# ASSIGNMENT:
Up to and including the line containing "Sperziebonen met paprika in pindasaus", retype each line of the listing below exactly, beginning with the first.

# INFORMATION:
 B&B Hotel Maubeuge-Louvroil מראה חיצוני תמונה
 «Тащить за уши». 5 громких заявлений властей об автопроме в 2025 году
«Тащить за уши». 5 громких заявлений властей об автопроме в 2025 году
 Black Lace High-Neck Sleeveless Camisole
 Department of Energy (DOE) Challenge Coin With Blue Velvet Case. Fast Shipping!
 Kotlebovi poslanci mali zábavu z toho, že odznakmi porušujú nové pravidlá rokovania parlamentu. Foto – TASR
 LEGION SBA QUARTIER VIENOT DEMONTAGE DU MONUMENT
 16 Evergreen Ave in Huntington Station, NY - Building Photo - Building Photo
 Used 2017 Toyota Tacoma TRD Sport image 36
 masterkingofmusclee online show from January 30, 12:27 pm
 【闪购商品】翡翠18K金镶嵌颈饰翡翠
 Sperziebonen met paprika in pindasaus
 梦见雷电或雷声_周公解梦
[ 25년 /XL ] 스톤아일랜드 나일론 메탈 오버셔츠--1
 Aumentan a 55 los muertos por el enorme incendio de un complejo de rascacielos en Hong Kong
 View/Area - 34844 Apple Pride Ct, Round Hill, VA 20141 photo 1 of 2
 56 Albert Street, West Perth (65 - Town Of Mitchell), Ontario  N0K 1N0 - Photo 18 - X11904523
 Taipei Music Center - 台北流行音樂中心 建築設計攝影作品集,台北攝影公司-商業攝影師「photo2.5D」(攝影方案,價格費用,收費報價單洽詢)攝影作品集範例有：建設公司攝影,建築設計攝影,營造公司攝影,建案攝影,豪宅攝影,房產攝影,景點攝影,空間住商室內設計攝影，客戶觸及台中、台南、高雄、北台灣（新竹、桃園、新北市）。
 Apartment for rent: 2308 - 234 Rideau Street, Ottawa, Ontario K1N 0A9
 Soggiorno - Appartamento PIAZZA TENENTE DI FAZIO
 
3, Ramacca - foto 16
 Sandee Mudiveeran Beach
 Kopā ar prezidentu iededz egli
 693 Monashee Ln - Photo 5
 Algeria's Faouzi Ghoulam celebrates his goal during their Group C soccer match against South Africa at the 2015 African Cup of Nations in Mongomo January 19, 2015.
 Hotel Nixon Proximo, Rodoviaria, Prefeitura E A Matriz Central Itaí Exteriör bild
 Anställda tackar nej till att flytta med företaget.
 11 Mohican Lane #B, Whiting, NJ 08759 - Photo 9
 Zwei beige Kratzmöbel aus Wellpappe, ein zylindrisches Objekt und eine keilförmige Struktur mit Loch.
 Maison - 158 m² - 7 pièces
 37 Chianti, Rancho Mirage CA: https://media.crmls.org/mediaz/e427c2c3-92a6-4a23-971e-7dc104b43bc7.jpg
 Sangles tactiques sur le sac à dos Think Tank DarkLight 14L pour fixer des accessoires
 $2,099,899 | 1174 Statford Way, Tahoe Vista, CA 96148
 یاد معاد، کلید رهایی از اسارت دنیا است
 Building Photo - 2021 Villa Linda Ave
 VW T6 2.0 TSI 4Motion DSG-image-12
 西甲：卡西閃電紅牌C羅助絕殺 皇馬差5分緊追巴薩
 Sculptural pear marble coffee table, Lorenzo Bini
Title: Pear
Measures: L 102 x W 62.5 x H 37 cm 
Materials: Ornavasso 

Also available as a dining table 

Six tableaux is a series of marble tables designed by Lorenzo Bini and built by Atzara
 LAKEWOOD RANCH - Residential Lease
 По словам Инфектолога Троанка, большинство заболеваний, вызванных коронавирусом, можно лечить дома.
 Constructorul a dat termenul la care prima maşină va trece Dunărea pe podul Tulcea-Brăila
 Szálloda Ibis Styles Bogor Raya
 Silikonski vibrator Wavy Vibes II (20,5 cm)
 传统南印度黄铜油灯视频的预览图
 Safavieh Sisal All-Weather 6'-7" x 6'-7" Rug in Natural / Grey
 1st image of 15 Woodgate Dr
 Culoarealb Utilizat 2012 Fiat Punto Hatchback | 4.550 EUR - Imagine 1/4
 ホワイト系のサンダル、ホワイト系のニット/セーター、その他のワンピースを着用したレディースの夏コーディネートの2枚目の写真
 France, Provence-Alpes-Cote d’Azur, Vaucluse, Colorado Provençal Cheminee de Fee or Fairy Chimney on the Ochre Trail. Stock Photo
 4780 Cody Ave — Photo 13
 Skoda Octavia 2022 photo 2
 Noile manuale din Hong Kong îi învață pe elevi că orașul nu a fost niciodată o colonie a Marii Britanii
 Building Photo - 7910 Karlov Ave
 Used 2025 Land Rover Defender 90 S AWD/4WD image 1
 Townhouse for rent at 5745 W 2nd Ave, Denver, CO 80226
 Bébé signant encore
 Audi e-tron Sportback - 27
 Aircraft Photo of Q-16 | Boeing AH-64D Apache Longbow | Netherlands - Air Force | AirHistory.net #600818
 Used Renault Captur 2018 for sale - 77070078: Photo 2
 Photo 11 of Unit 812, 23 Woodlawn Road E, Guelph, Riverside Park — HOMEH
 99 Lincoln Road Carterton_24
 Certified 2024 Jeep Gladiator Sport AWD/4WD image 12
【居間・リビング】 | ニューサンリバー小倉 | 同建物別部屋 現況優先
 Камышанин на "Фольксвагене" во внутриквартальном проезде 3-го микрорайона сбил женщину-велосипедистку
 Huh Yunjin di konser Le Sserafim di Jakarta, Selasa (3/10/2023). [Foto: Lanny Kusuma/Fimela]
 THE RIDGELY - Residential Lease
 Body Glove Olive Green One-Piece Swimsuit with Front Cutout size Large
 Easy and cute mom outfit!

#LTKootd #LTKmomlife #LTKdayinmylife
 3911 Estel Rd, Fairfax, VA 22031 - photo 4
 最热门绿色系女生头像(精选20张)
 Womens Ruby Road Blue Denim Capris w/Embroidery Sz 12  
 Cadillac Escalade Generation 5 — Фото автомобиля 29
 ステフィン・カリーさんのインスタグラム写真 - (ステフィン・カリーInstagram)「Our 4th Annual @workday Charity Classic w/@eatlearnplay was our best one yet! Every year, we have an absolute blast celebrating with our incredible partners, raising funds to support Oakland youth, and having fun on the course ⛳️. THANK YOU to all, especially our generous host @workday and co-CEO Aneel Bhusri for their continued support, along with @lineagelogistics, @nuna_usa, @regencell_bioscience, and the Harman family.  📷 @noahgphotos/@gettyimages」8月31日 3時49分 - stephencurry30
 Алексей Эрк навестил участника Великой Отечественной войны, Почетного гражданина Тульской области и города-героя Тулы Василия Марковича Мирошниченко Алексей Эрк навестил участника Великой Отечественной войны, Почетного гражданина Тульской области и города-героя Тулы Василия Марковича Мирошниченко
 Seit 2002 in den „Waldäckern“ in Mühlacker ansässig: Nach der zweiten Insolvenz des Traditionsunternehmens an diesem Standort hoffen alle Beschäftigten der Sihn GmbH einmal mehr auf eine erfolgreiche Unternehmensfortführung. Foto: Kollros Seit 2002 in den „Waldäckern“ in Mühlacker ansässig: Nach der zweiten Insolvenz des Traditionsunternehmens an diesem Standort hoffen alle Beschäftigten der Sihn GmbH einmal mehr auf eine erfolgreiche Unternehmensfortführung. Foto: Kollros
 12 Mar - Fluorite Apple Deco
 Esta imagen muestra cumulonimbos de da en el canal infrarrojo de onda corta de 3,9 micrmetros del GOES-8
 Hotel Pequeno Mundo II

# RESPONSE:
 B&B Hotel Maubeuge-Louvroil מראה חיצוני תמונה
 «Тащить за уши». 5 громких заявлений властей об автопроме в 2025 году
«Тащить за уши». 5 громких заявлений властей об автопроме в 2025 году
 Black Lace High-Neck Sleeveless Camisole
 Department of Energy (DOE) Challenge Coin With Blue Velvet Case. Fast Shipping!
 Kotlebovi poslanci mali zábavu z toho, že odznakmi porušujú nové pravidlá rokovania parlamentu. Foto – TASR
 LEGION SBA QUARTIER VIENOT DEMONTAGE DU MONUMENT
 16 Evergreen Ave in Huntington Station, NY - Building Photo - Building Photo
 Used 2017 Toyota Tacoma TRD Sport image 36
 masterkingofmusclee online show from January 30, 12:27 pm
 【闪购商品】翡翠18K金镶嵌颈饰翡翠
 Sperziebonen met paprika in pindasaus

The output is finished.